We got our usual early sunrise start. Todays route looped the long riders around to meet up with the shorter routes several times. Hence the climbs were populated with a great variety of riders. It was kind of cool to see everyone and this was the first day the lunch stop was open when we got there.

We met some fun folks at the stops but on the road Miss M and I didn't do our usual fooling around.

We were moving. And feeling good!


----------



## MB1

The weather was summer fine, the route hilly ideal, the rest stops amazing and there was plenty to see all day.

We rode so well............I'm still amazed.

DQ!

Then it was time for the ladies to quit all that practice shopping and get down to some serious buying.


----------



## MB1

Probably the less I say about dinner the better.:blush2:  

The ladies wore some of their new finery, I was plain.

After all that it is time for a nap to ready for a nap to get ready for bed! :blush2: :blush2:


----------



## bigrider

Great ride report. Hazy, hot and humid are the worst riding conditions known to mankind. 
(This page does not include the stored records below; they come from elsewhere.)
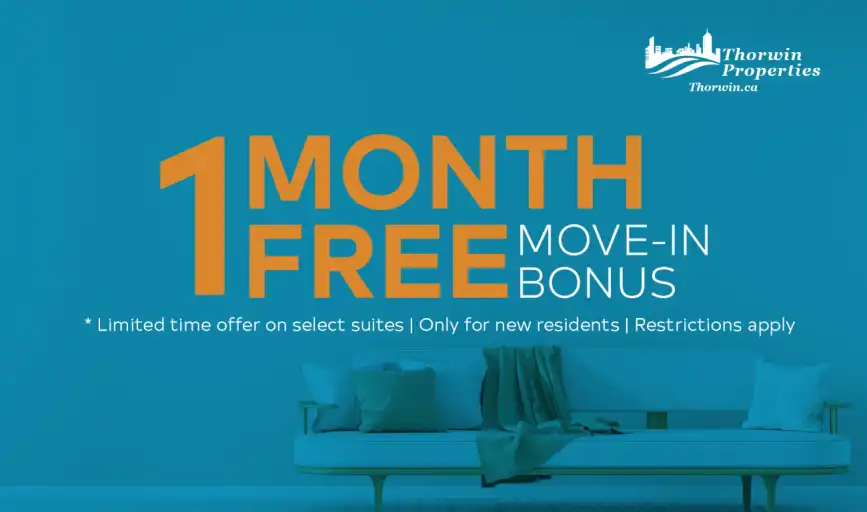 Lumen Townhomes | 100 Southview Crescent, Winnipeg | 3175590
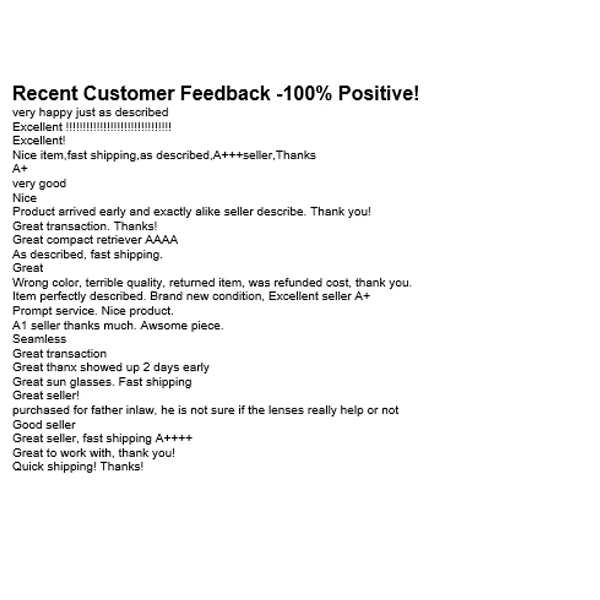 Очки солнцезащитные Maxx DOMAIN HDP поляризованные черные красные синие зеркальные бронзовые для гольфа - Изображение 2 из 3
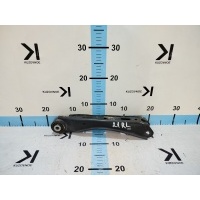 Рычаг Kia Optima K5 JF 2016 55250E6500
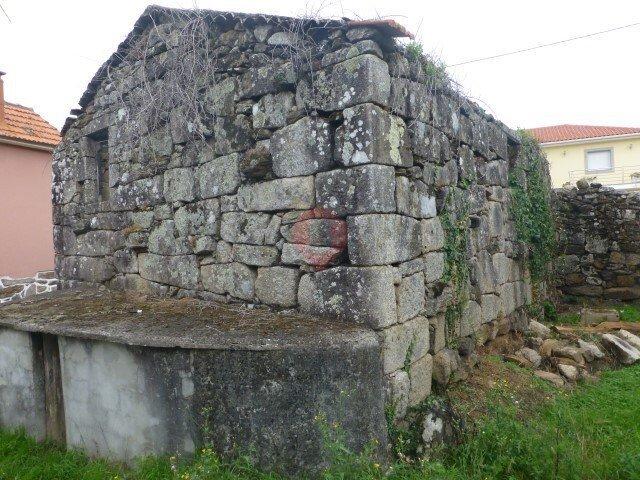 Casa venda em Monção, Viana Do Castelo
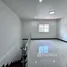 Suriya Place Bangna에서 임대할 3 침실 주택, Bang Kaeo, Bang Phli, 사무트 프라 칸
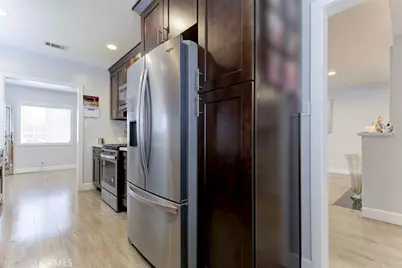 1334 Alameda, Glendale, CA 91201 - Photo 9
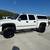 Advantage wholesale has Vehicles of all types from $2999 15under $6900 1 thumbnail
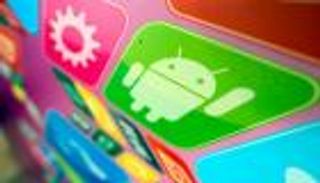 فيروس خطير يهاجم هواتف أندرويد.. كيف تحبط هجومه؟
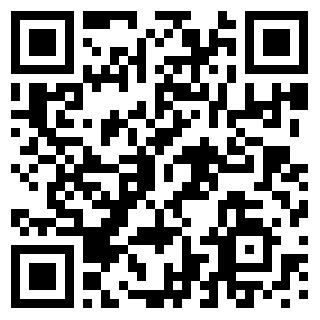 ʢ�Ĺ���΢�Ŷ��S�a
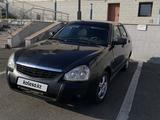 ВАЗ (Lada) Priora 2172 2008 годаfor1 300 000 тг. в Астана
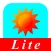 Brighter Lite - Colored Light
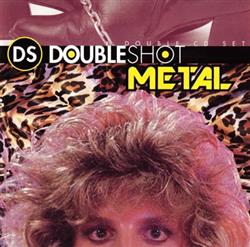 Download Various - Doubleshot Metal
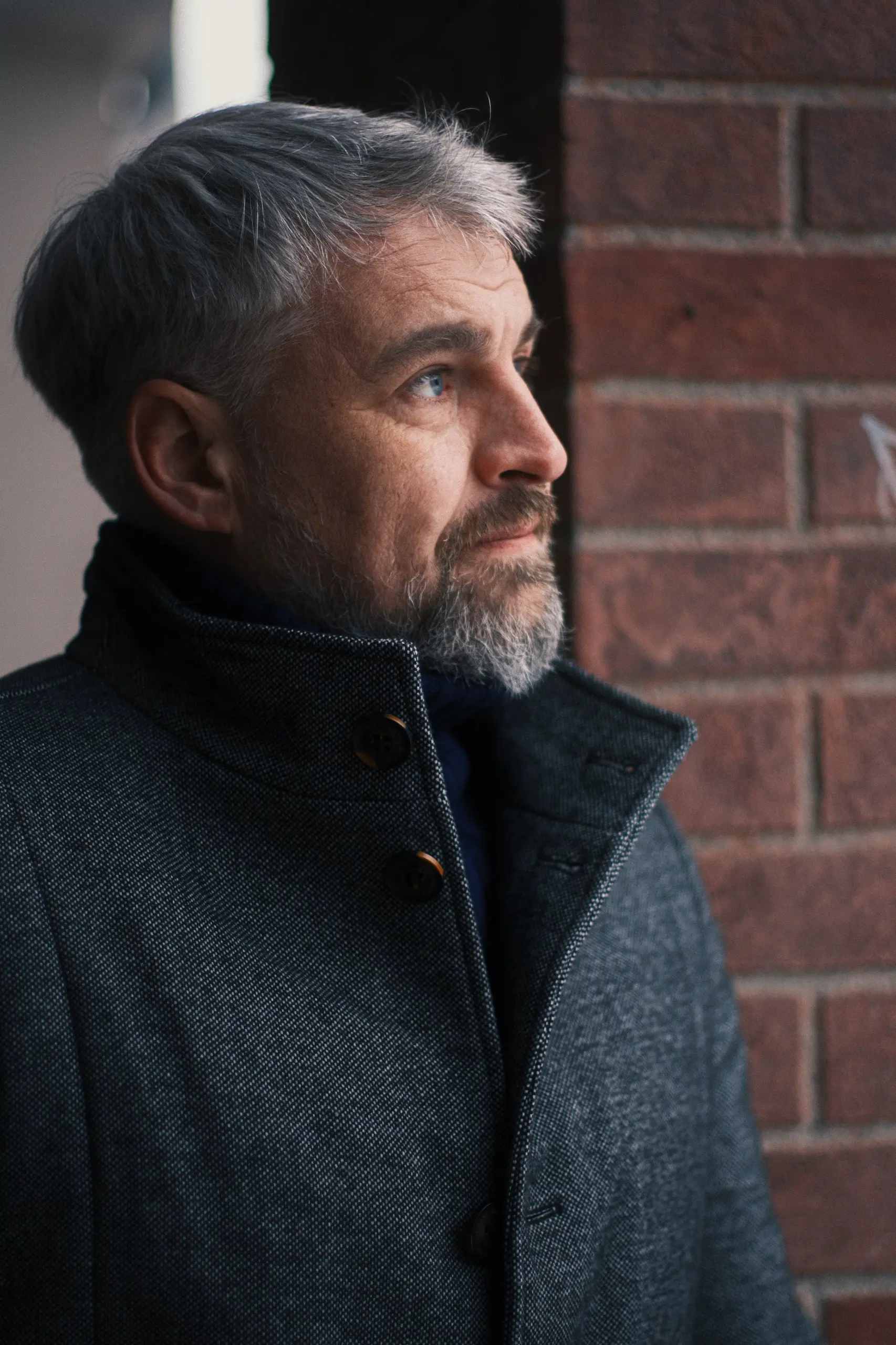 Grzegorz Brudnik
Did you all camp out? Do tell. I remember you saying MissM refused to camp.


----------



## VaughnA

Lovely stuff. I hope you went to the microbrewery in Harrisonburg for a brew. Hit the rooftop seating for some great views. 

I know what you mean about the 4th day. The last couple of years they were tough. But the short final day is nice. We would finish about 11:30 and have time to get home and rest before returning to the normal world.

If you see a handsome young guy with a mohawk tell him that me and Melly said hello.. Is the crazy black guy with the fun attitude and fun socks there this year? He was a hoot. He would stop at every big hill and ride up and back cheering on the riders. The people you meet at the ride are the best part.


----------



## Ridgetop

Glad you guys got a hotel room. I can't imagine sleeping in those sweltering tents. Awesome report. We've wanted to do Bike Oregon one of these years. I think you've inspired me to look more into it.


----------



## MB1

bigrider said:


> ....*Did you all camp out? * Do tell. I remember you saying MissM refused to camp.


Not likely! :nono:


----------



## MB1

*Rest Stops and Tailwinds*

Today what with only a short 50 miler coming up we slept in. Good thing too since it had turned cold (somewhere in the low 60's when we headed out). Still managed to see a bit of the sunrise.


Like all the other days the riding was fantastic, the scenery ideal and the rest stops were killer.

I gotta admit we were a little quiet knowing that the end was near. Didn't stop us from flying down the road though; of course the strong tail winds helped! :thumbsup: 

Shortly after the last (very friendly) rest stop of the day we headed off the course and back to our cars.


----------



## MB1

Kind of sad to see the whole thing end but then I was reminded, "The party ain't over until all the ribs are gone."


I'll bet they are partying still.

:thumbsup:


----------



## MB1

*Some final thoughts.*

Miss M and I aren't too into organized group rides (too many people and not enough miles for our tastes) but we would likely do this one again. 

For the most part we managed to start early enough to mostly ride alone and it was very easy to add miles and still finish before the worst of the summer heat.

The "Church Group" rest stops were the best we have ever seen.

Although there is something to be said for having a rest stop at a winery!

My hat is of to all the casual riders that did this one-the hills were not easy if you weren't strong and used to climbing.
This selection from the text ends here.